You needed years of personal experience to pick a winner, they said. It was about trusting your gut, not the numbers. Building a team in baseball had long been the purview of salty scouts with decades of experience who had seen and delved into the psyche of thousands of players, but as is now well known and documented, moneyball changed all that. A focus on numbers and cost effectiveness, within a few short years, has upended the sesquicentenarian art of baseball scouting.
Then, rather than rest on his laurels, one of the sabermetricians instrumental in the moneyball revolution, Nate Silver, turned to the world of politics. He quickly received loads of publicity for his predictions beating the betting market cum reigning prediction champion Intrade in 2008. And several other outfits that followed similar methods of compiling polls cropped up, such as Sam Wang at the Princeton Election Consortium and Drew Linzer with Votamatic. But there were still doubters, and in the past few weeks, they had grown more vocal, from the National Review to Joe Scarborough. The 2012 elections were winding up to be an epic showdown between the Old Talking Heads and the New Electometricians, as the New Yorker put it, “the true moneyball moment in American electoral politics.”

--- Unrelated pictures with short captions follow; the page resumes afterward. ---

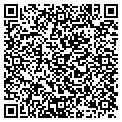 QR code with Loc-N-Roll contacts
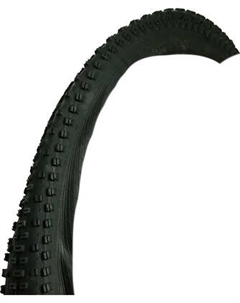 Велопокрышка WTB Ranger W110-1402 Wtb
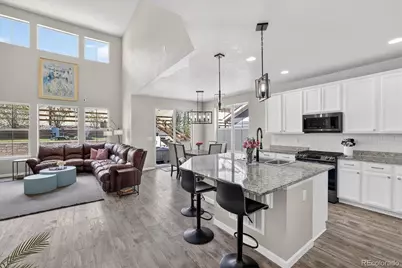 18189 W 85th Drive, Arvada, CO 80007 - Photo 3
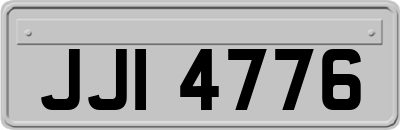 JJI4776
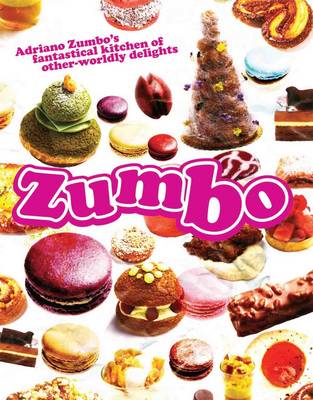 ZUMBO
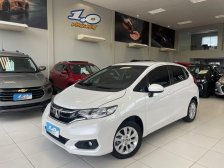 Honda  foto 1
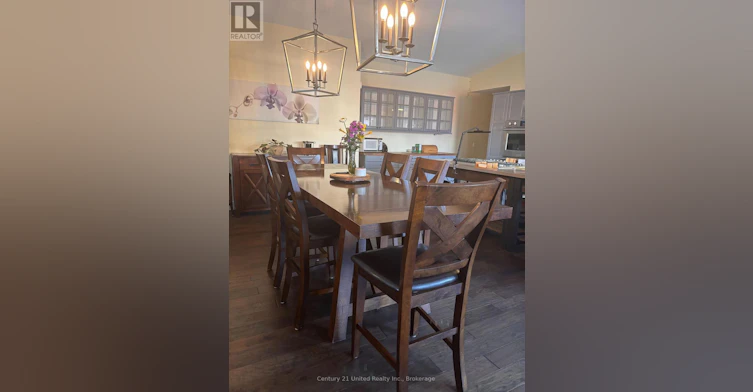 628 Ontario Street, Cobourg, ON, K9A 3C4 - 6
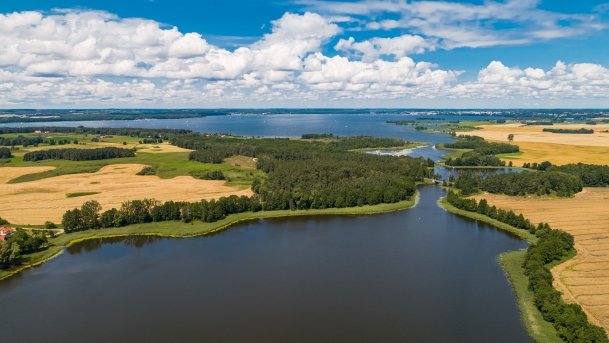 Wojnowo - zdjęcie 16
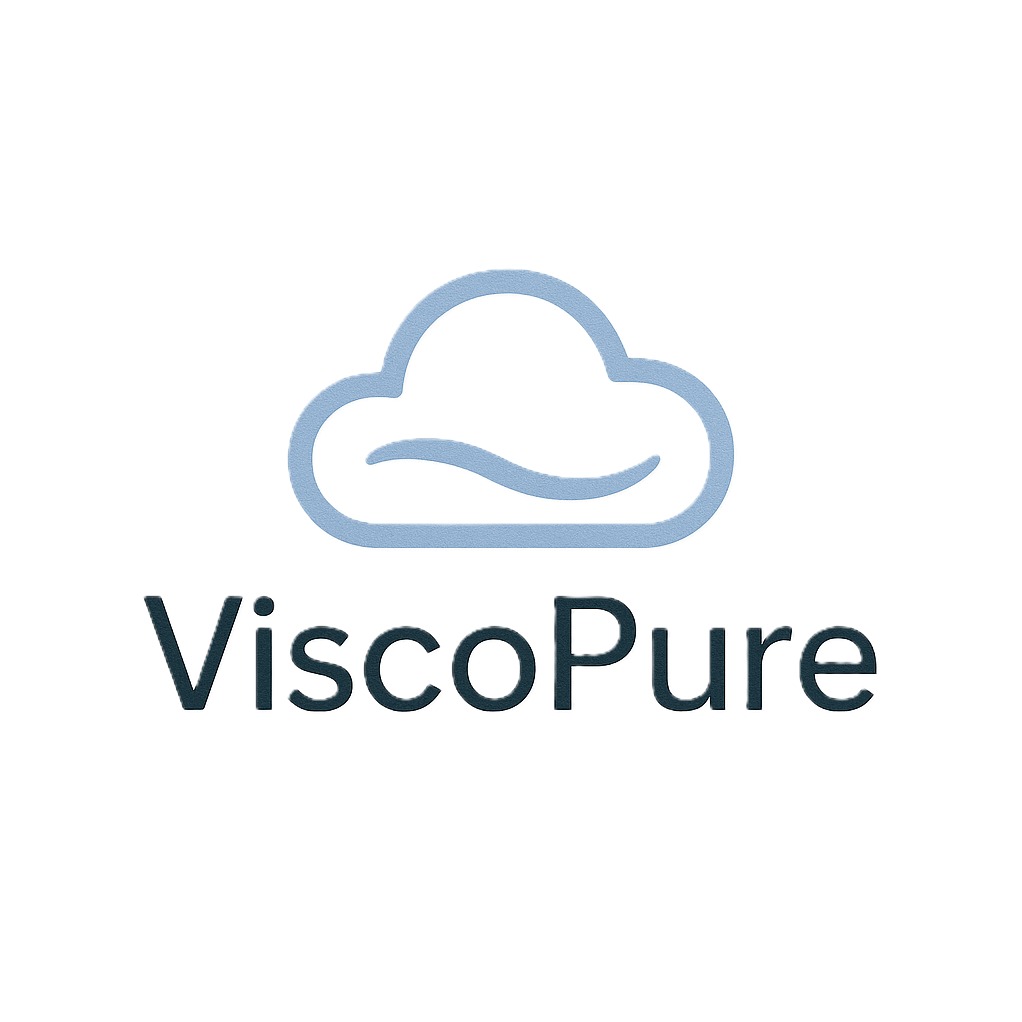 ViscoPure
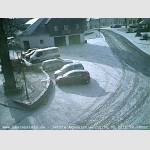 2018-02-26-09-08-Uhr.jpg
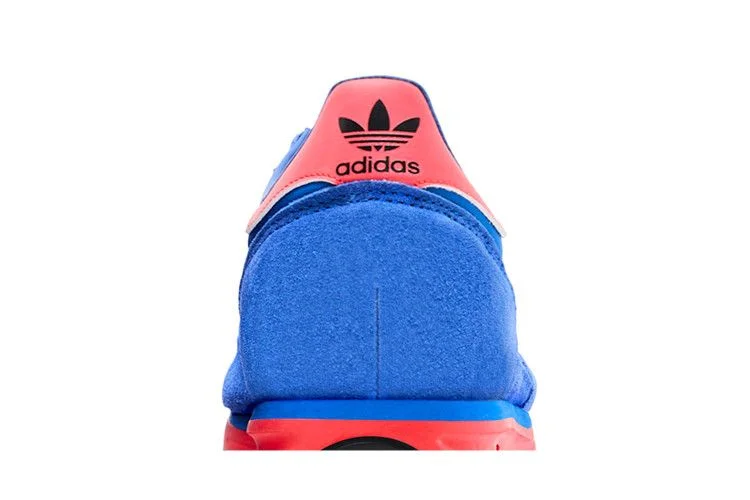 Krossovki-adidas-SL72-RS-Blue-Bright-Red-6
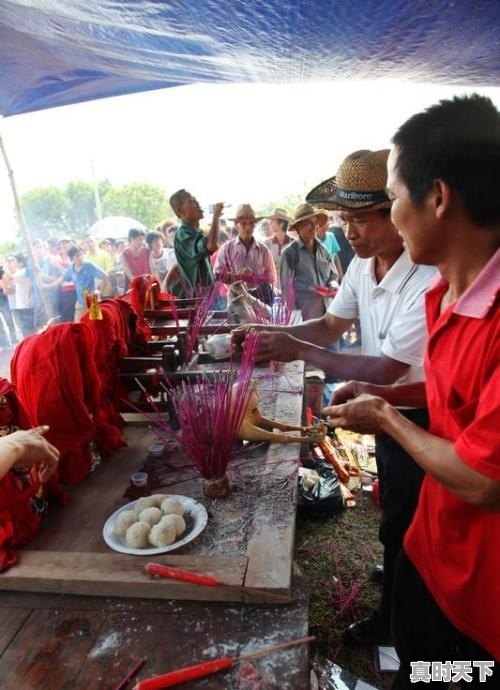 广东省茂名市出过哪些名人和明星 - 真时天下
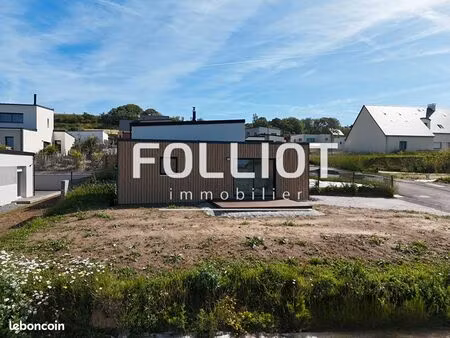 maison 2 pièces 30 m²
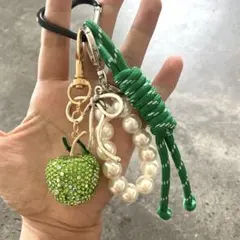 Item thumbnail for item f872c7b7-c0e7-450a-8956-1de712fe7edc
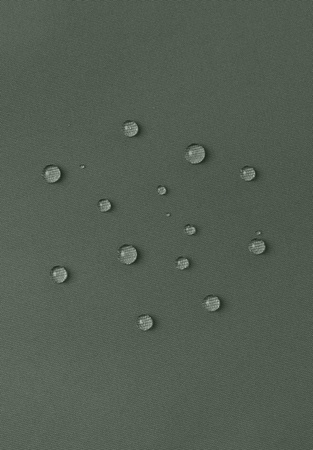 Kombinezon Reimatec REIMA Marte Mid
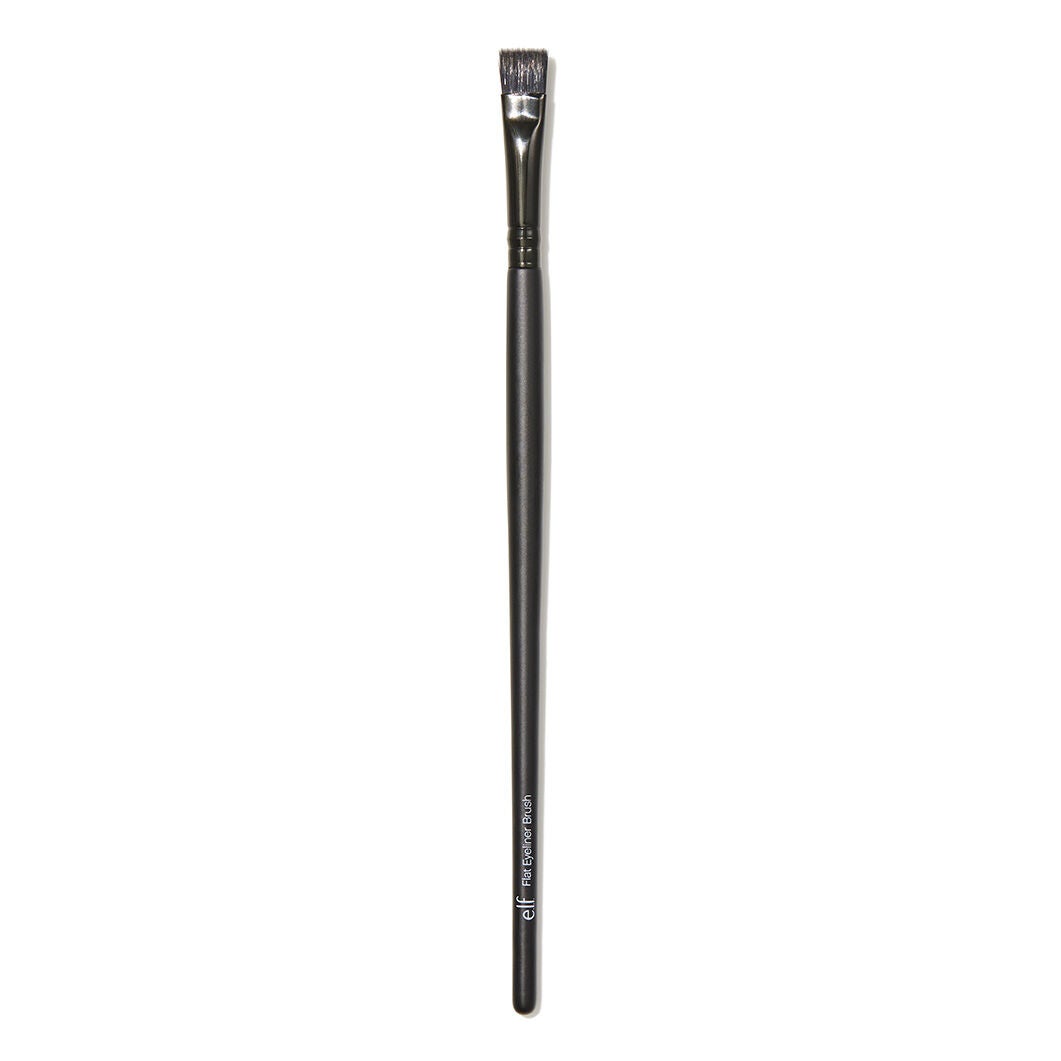 flat-eyeliner-brush-q8 84023_FlatEyelinerBrush_v1whiteA.jpg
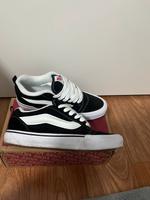 Vans Knu School 42,5 Kreis Pinneberg - Wedel Vorschau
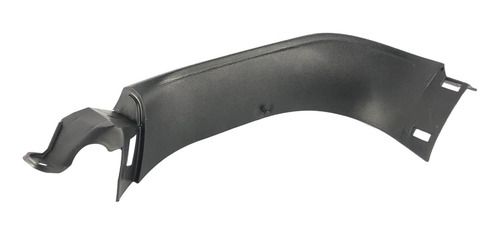 Moldura Direita Tampa Traseira Jeep Compass 2018 53219718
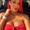 Photo of Kristle B.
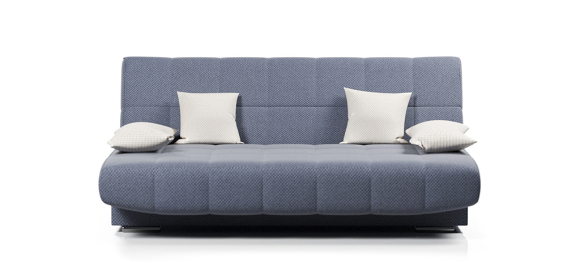 Диван-кровать книжка Арбат,велюр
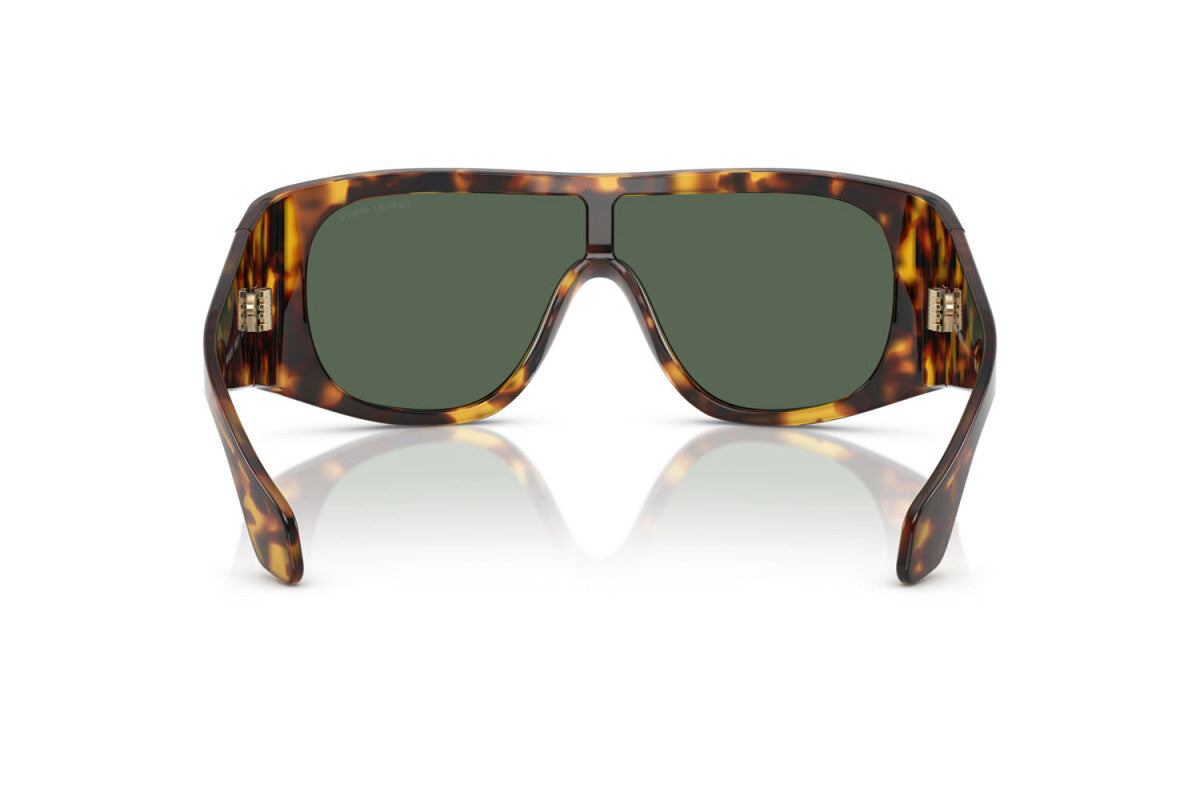 Eyewear Man Giorgio Armani  AR 8222U 509271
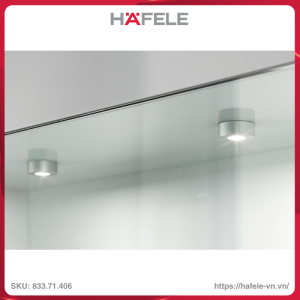 den-loox-2025-hafele-83371406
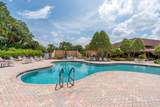 450 Egret Circle - Photo 36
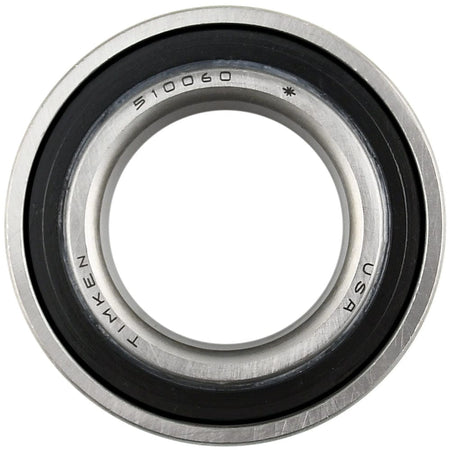 Timken 510060 Front Wheel Ball Bearing Nissan Maxima Altima XTrail£¨Infiniti I35 I30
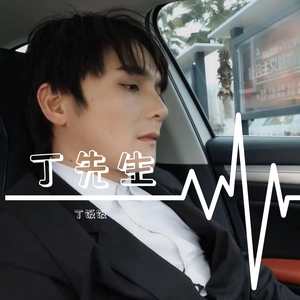 丁先生 伴奏
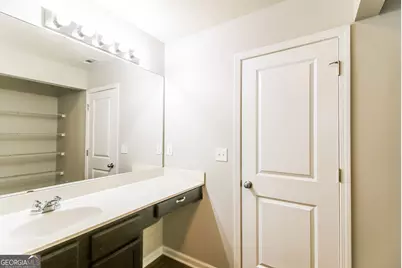 2393 Clapton Court, Lovejoy, GA 30236 - Photo 9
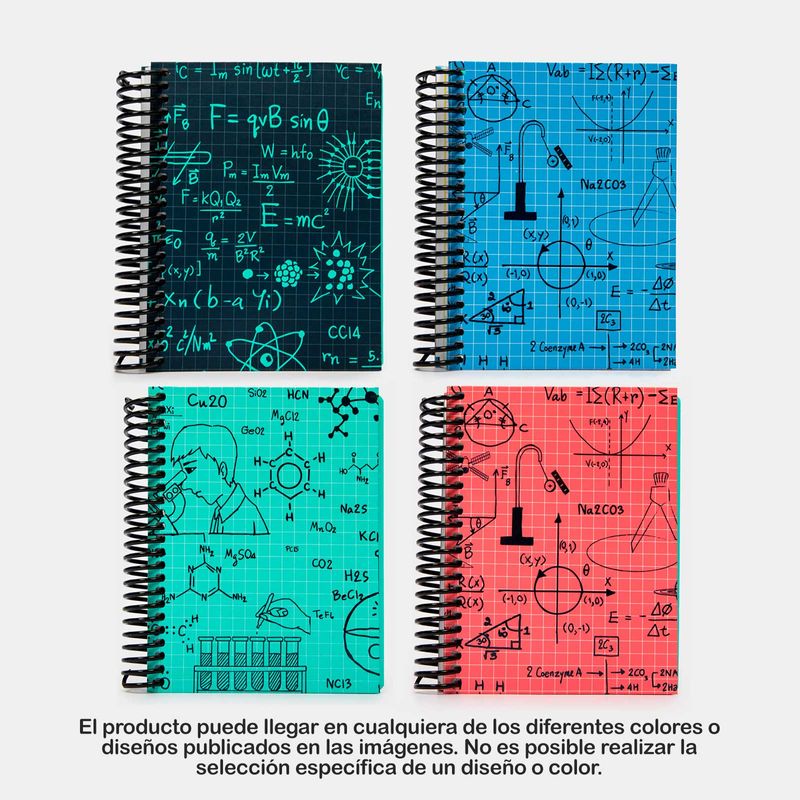 cuaderno-mixto-mini-de-120-hojas-senfort-ciencia-surtido--8412885207139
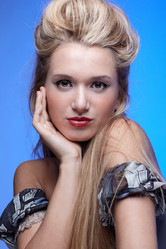 Similar image 461604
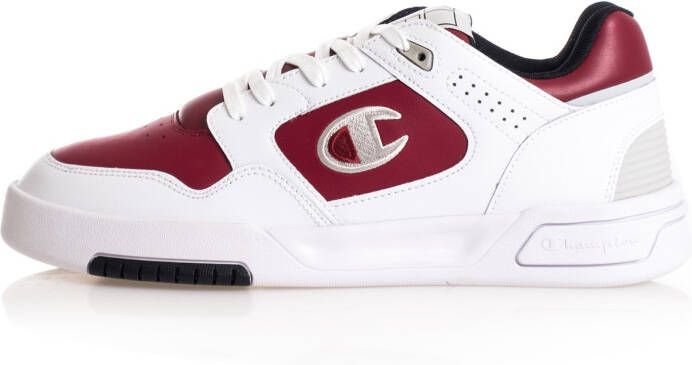 Champion Sneakers man low cut shoes z80 s21877.rs504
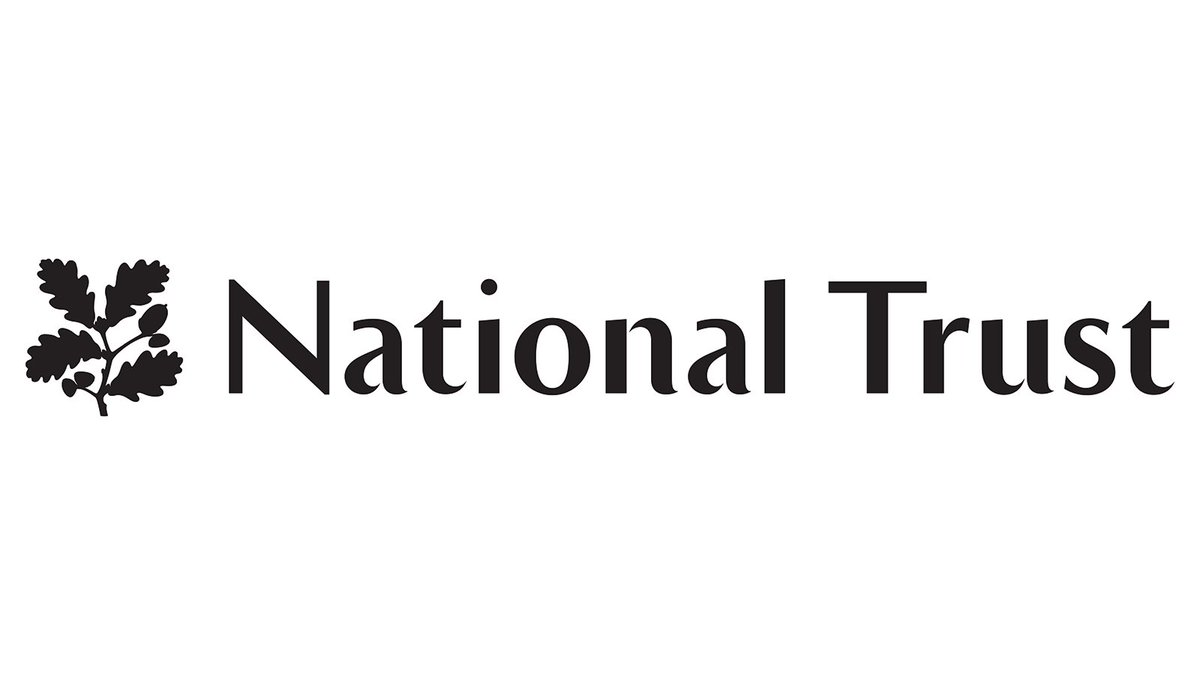 Food & Beverage roles available with @nationaltrust in Ripon Team Leader: ow.ly/4uPS50RscFX Team Member: ow.ly/cely50RscFY Closing Date is 5 May #HarrogateJobs #HeritageJobs
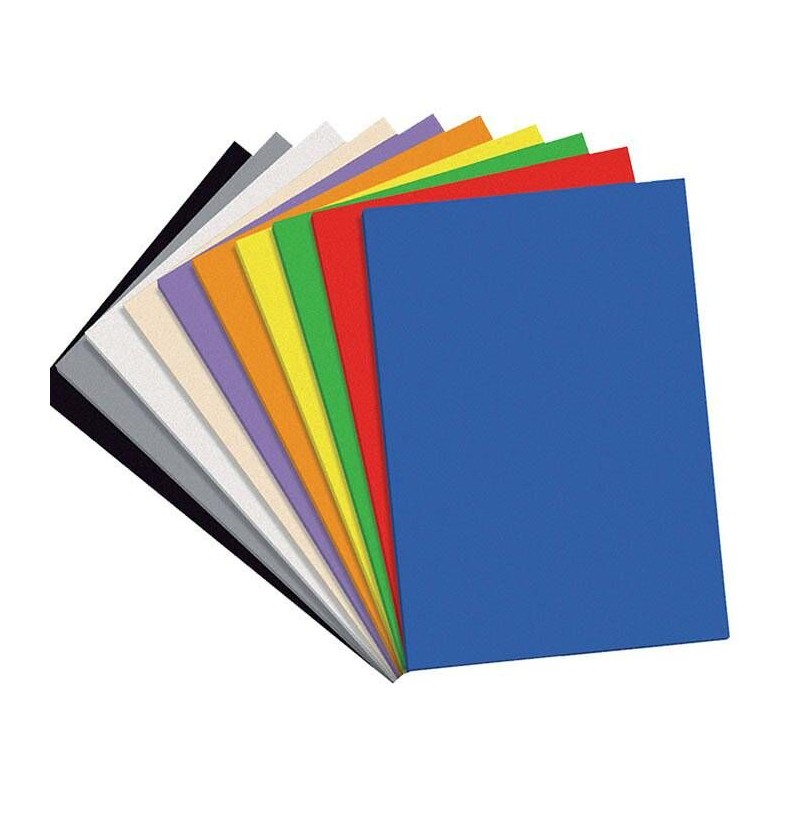 gomma-eva-60-x-40-mm-2-assortita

But lest we attribute the prediction abilities of Silver et al. to their superior intellect and uncanny ability to see the future, remember that the entire purpose of the Electometrician Revolution was to take the subjectivity and uncertainty out of the prediction process. In other words, they were correct in their predictions election night not because of their intellect, but rather, because they used simple, transparent formulas on methodologically sound data that was replicated.
So now that sports and elections have been revolutionized by more rigorous, stats-based methodologies, what’s next? It’s been years in the making, but I would argue that the next field ripe for a statistical harvest is not so far from the elections themselves: public and social programs.
There is a growing consensus among academics that randomized evaluation is an achievable gold standard not only for the sciences, but also for the social sciences. And this consensus has started spilling over into the realm of practitioners. Everyone from US federal and state government agencies to foreign governments to local and international nongovernmental organizations has started using randomized evaluations to accurately discover what works and how cost effective it is. Just as in baseball and elections, we are using simple, transparent formulas on methodologically sound data that has been replicated.
We’ve set up the Proven Impact Fund so that anybody can see which programs work and why. We won’t choose your fantasy baseball team for you, but you can take part in the Revolution of What Works.